__Task statement__
Beneath this instruction is a listing; print exactly the lines in it starting at the line that contains "a view of a" and going through the line that contains "A smiling family".

__Material for this exercise__
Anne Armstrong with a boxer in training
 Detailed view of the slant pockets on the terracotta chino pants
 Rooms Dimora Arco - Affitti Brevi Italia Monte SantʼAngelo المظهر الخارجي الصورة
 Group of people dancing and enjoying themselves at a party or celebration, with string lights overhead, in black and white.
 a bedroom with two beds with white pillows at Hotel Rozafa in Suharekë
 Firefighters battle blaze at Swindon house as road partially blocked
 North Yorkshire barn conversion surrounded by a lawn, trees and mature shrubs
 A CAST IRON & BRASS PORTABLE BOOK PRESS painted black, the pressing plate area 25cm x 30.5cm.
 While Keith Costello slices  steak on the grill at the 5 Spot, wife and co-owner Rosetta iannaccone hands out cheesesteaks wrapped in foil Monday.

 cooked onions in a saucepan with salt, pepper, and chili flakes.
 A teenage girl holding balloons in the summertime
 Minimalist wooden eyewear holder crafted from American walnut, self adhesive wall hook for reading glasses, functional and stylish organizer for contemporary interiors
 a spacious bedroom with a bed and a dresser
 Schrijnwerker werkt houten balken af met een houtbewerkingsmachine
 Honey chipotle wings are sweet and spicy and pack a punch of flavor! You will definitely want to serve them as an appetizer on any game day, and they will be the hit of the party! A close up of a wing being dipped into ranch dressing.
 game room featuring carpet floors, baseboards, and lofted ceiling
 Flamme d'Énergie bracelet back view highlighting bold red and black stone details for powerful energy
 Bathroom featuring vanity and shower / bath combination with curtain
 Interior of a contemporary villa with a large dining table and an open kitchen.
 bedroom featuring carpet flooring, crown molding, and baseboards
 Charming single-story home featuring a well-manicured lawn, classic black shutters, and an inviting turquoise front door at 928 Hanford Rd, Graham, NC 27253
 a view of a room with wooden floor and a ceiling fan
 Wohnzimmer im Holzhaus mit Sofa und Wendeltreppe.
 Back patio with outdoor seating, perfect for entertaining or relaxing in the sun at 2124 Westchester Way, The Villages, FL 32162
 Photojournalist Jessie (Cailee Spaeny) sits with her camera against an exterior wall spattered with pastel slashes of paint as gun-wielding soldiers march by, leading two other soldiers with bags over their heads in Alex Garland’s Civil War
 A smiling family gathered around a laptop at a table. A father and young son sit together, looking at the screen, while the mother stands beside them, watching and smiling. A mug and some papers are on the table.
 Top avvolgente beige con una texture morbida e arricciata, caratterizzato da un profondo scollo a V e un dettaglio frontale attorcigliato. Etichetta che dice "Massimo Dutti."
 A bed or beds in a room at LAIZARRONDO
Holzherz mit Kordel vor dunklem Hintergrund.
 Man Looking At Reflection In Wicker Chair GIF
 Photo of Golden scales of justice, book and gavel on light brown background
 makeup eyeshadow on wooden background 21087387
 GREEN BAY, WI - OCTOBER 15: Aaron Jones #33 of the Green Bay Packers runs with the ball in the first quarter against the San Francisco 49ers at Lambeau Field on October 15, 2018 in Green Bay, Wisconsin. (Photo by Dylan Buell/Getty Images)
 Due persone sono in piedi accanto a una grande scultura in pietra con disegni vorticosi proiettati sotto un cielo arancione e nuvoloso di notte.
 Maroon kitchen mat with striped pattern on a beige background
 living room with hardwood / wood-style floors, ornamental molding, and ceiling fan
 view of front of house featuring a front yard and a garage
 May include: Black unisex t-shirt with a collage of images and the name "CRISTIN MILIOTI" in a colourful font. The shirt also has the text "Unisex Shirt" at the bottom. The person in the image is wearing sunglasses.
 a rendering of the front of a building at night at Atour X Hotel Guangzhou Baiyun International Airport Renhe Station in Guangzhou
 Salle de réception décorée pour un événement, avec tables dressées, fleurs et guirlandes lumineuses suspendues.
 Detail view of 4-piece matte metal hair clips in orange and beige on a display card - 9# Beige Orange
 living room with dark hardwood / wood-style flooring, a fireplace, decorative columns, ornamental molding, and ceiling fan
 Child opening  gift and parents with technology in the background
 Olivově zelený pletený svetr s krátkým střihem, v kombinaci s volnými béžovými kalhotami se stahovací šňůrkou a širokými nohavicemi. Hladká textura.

__Expected answer__
 a view of a room with wooden floor and a ceiling fan
 Wohnzimmer im Holzhaus mit Sofa und Wendeltreppe.
 Back patio with outdoor seating, perfect for entertaining or relaxing in the sun at 2124 Westchester Way, The Villages, FL 32162
 Photojournalist Jessie (Cailee Spaeny) sits with her camera against an exterior wall spattered with pastel slashes of paint as gun-wielding soldiers march by, leading two other soldiers with bags over their heads in Alex Garland’s Civil War
 A smiling family gathered around a laptop at a table. A father and young son sit together, looking at the screen, while the mother stands beside them, watching and smiling. A mug and some papers are on the table.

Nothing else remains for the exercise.